En resumen: que me he matriculado en un máster en Big Data Sectarism impartido por una prestigiosa universidad estadounidense que ha abierto unas espléndidas instalaciones en San Miguel de Serrezuela, provincia de Salamanca, lo que siempre es marchamo de prestigio académico. Me he decantado por estos estudios pues lo importante no es el saber por sí solo sino su utilidad práctica y, como ya he dejado claro, mi propósito es medrar: vivir opíparamente mientras disfruto de esa satisfacción inigualable que tiene proporcionar saberse en posesión —qué digo posesión, en propiedad— de la verdad.
Según me ha comentado uno de los profesores del máster, para llegar a ser un buen sectario es necesario combinar las virtudes del sectario proselitista y del sectario displicente. Consejo que ha rematado con un portazo no exento de elegancia y donosura.

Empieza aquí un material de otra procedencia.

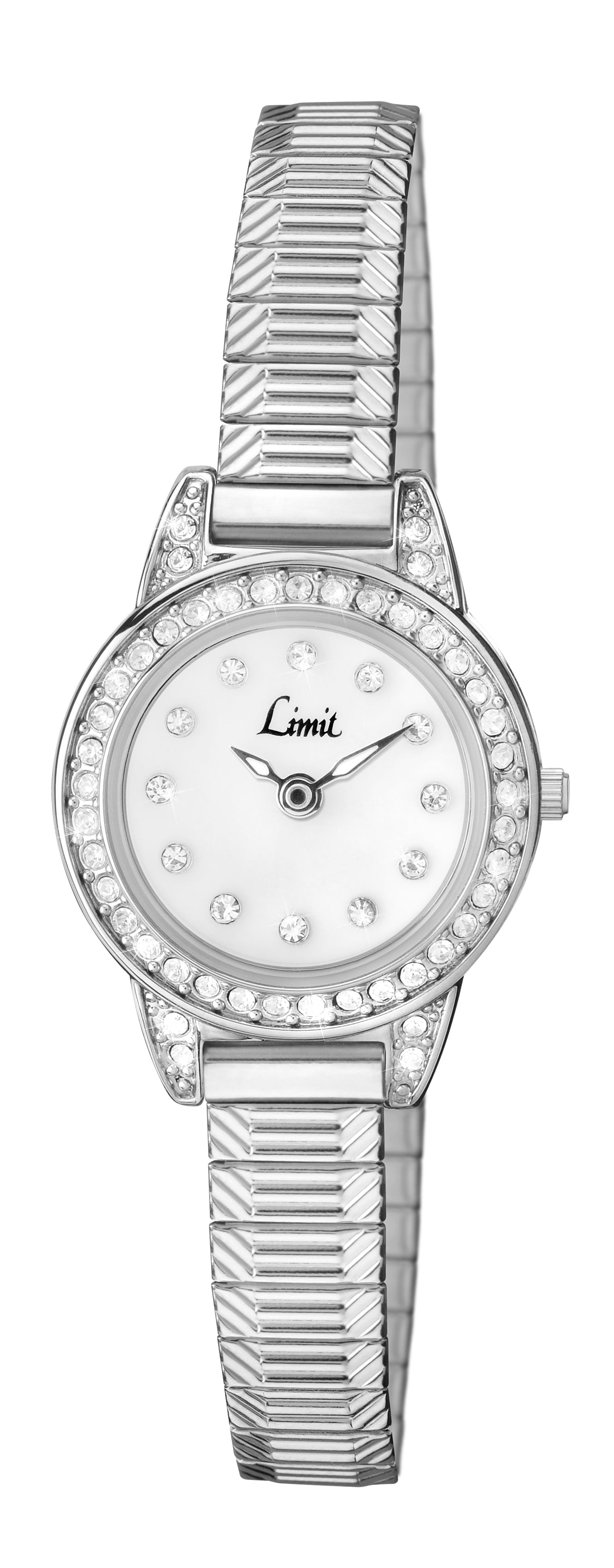 Limit Women's Quartz Watch with White Dial Analogue Display and Silver Stainless Steel Bracelet 6068.02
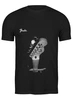 Заказать мужскую футболку в Москве. Футболка классическая Гитара от gent777 - готовые дизайны и нанесение принтов.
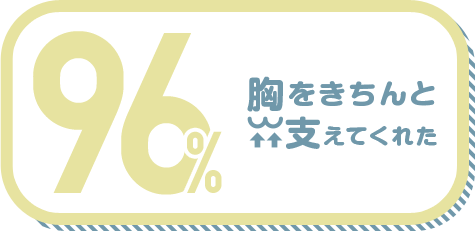 胸をきちんと支えてくれた 96%
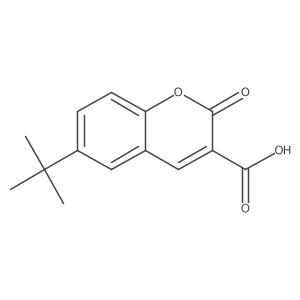 6-(tert-Butyl)-2-oxo-2H-chromene-3-carboxylic Acid结构式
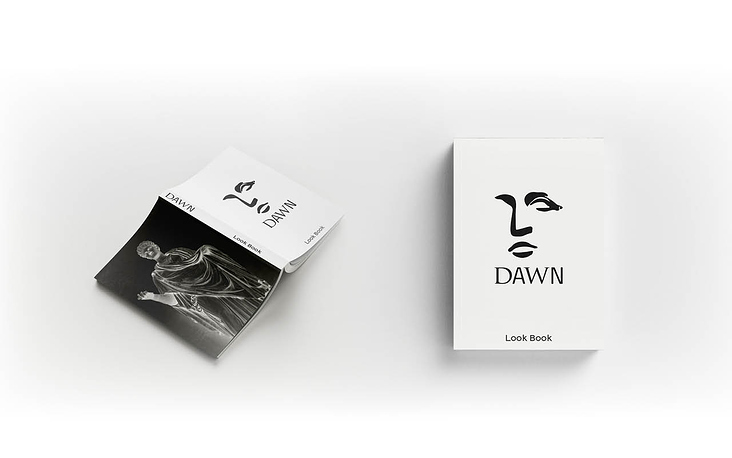 Dawn Look Book — fiktionale Brand Identity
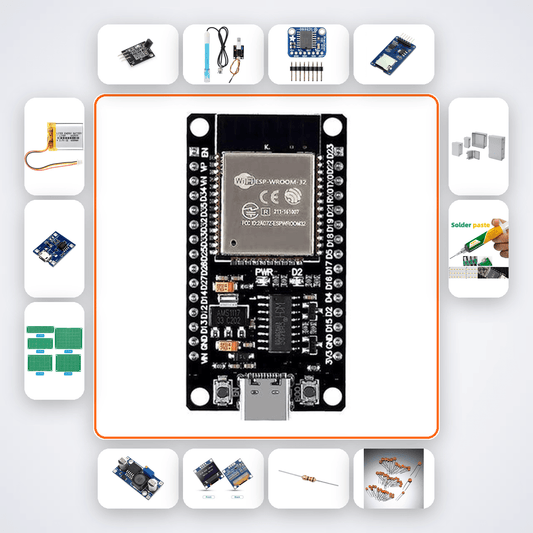 Multi-Channel Biopotential Recorder Kit with ESP32 + LED - Compoden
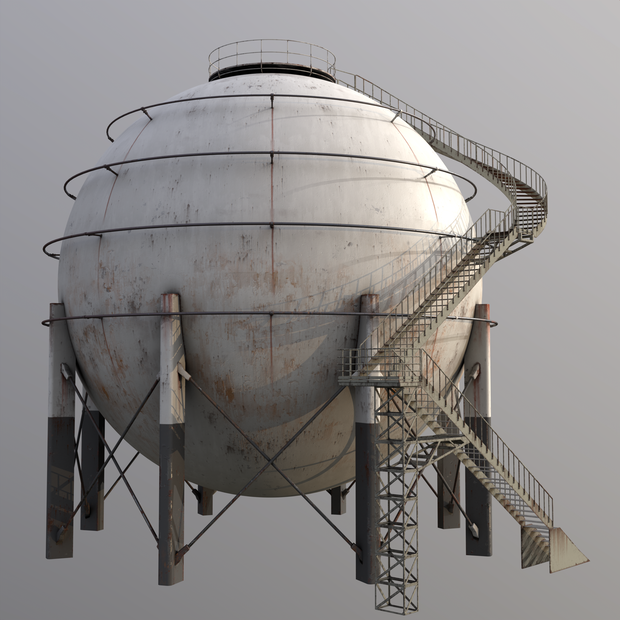 ガス球体（ホートン球）CGアセット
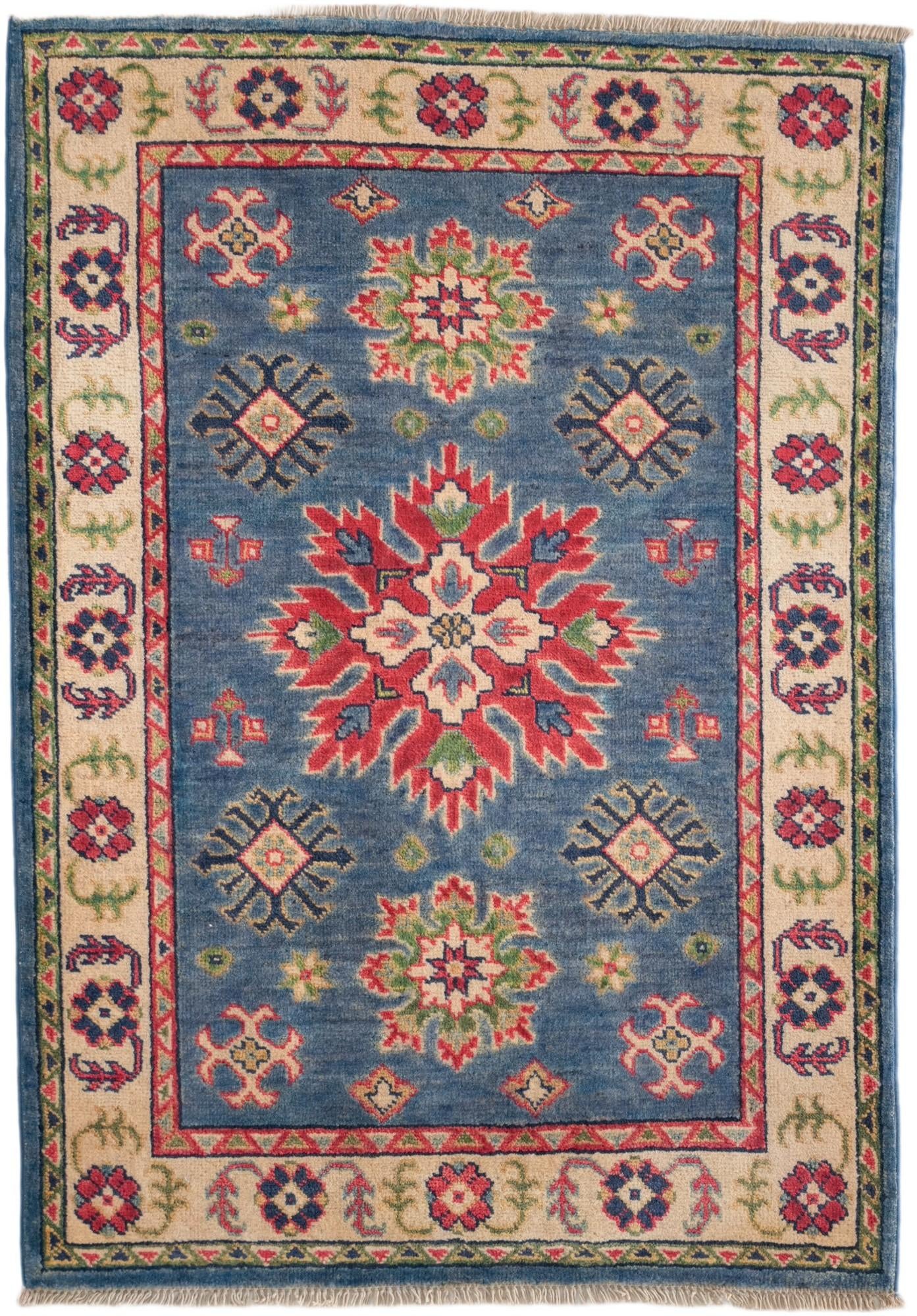 2' 8 x 3' 10 Hand Knotted Kazak Rug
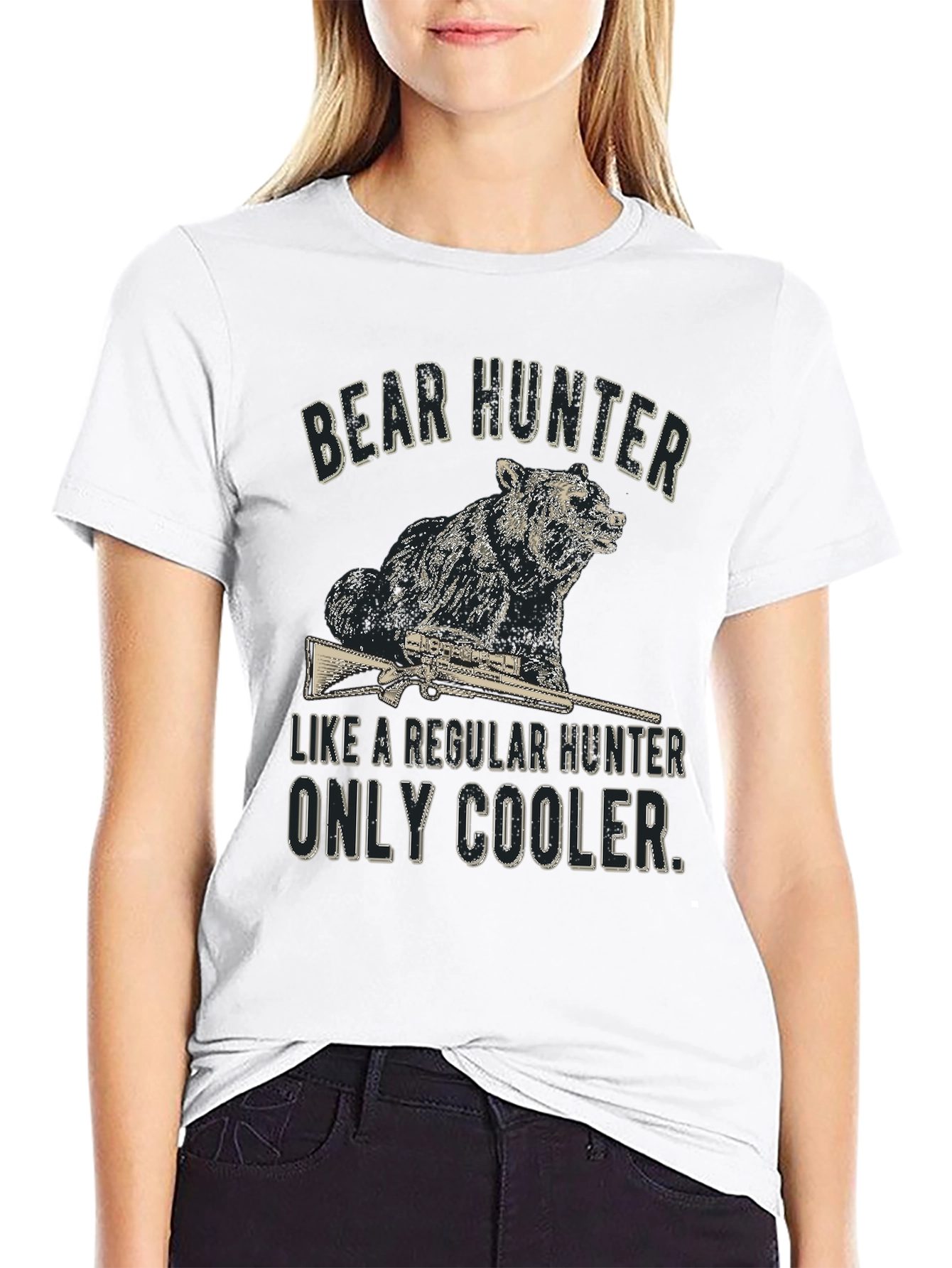 Bear Hunter Graphic Tee - Cool & Casual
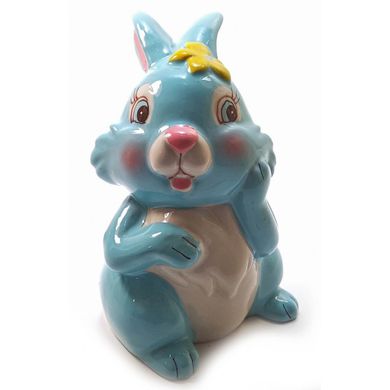 Копилка керамическая "Кролик" голубая (12,5х8х8 см), K332210B - фото товара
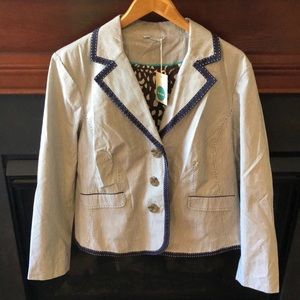NWT Boden Pinstripe Blazer - Size 18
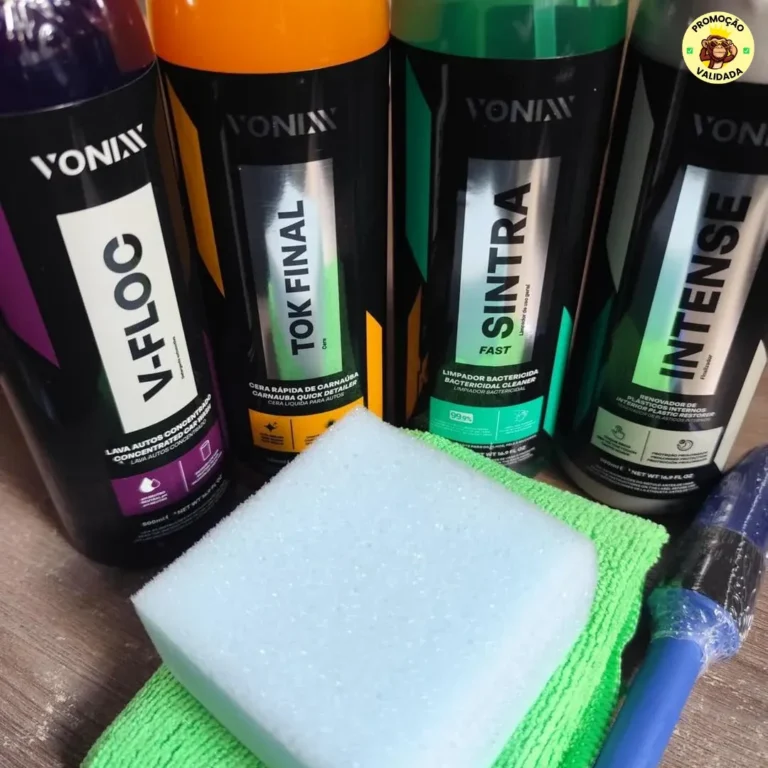 Limpeza Automotiva Completa Shampoo e Cera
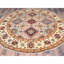 Tapis unique en laine rond nouvel âge 8 pi x 8 pi Zekiah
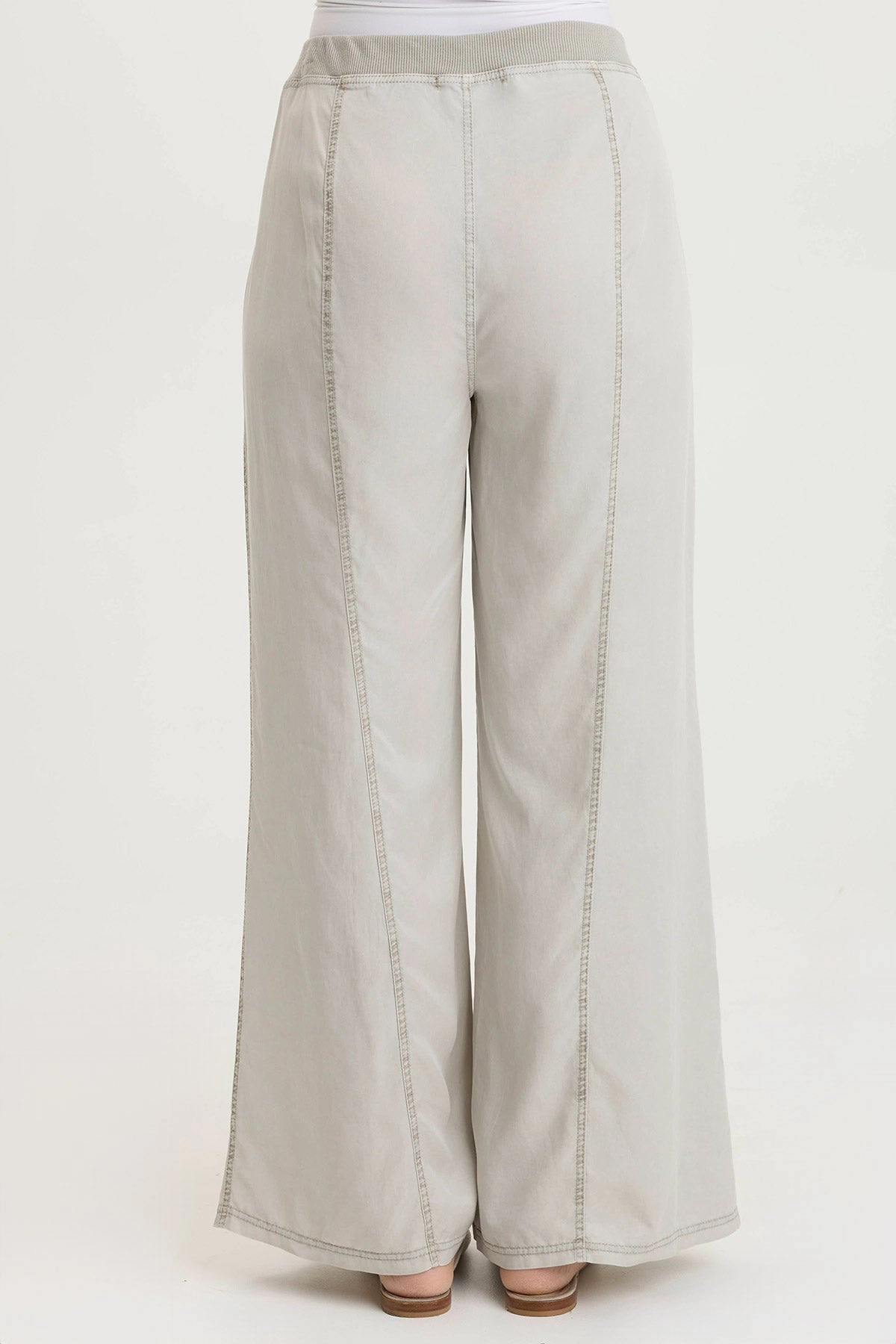 ElasticCuffs Tarla Twill Dropped Pocket Wide Leg Pant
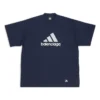 Balenciaga x adidas oversized T-shirt “Navy” 731769TNVA64356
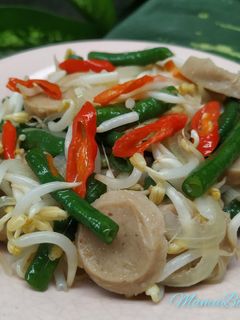 Foto resep Tumis Toge Kacang Panjang Bakso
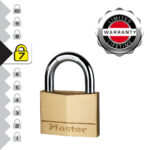 Master Lock 170EURD Brass 70mm Padlock - Image 3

El sectario proselitista busca la conversión del común de los mortales a la verdad. Innecesario resulta advertir que el sectario conoce la verdad y que las zarandajas machadianas esas de buscar juntos la verdad le traen completamente sin cuidado. El sectario proselitista es persona innecesariamente generosa en el esfuerzo de la persuasión pues anhela que el mayor número posible de semejantes disfruten del pálido reflejo de su saber. Por lo común, el sectario proselitista desempeña sus funciones en las escalas medias de la política, a la espera de los altos destinos a los que sin duda será llamado cuando triunfen los suyos.
El sectario displicente sabe bien que los demás habitantes de la tierra no podemos penetrar en las profundidades de su pensamiento. Por eso mismo nos trata con perfecta indiferencia: nada de cuanto un interlocutor pueda decirle le hará cambiar jamás de opinión por la sencilla razón de que ese interlocutor, al refutarle, demuestra estar equivocado. La conciencia de esta realidad, que a los demás se nos escapa, le hace padecer una constante desazón pues es vano todo esfuerzo que haga por explicarnos nuestra radical incapacidad para apreciar las mil maravillas que nacen de cada una de sus palabras.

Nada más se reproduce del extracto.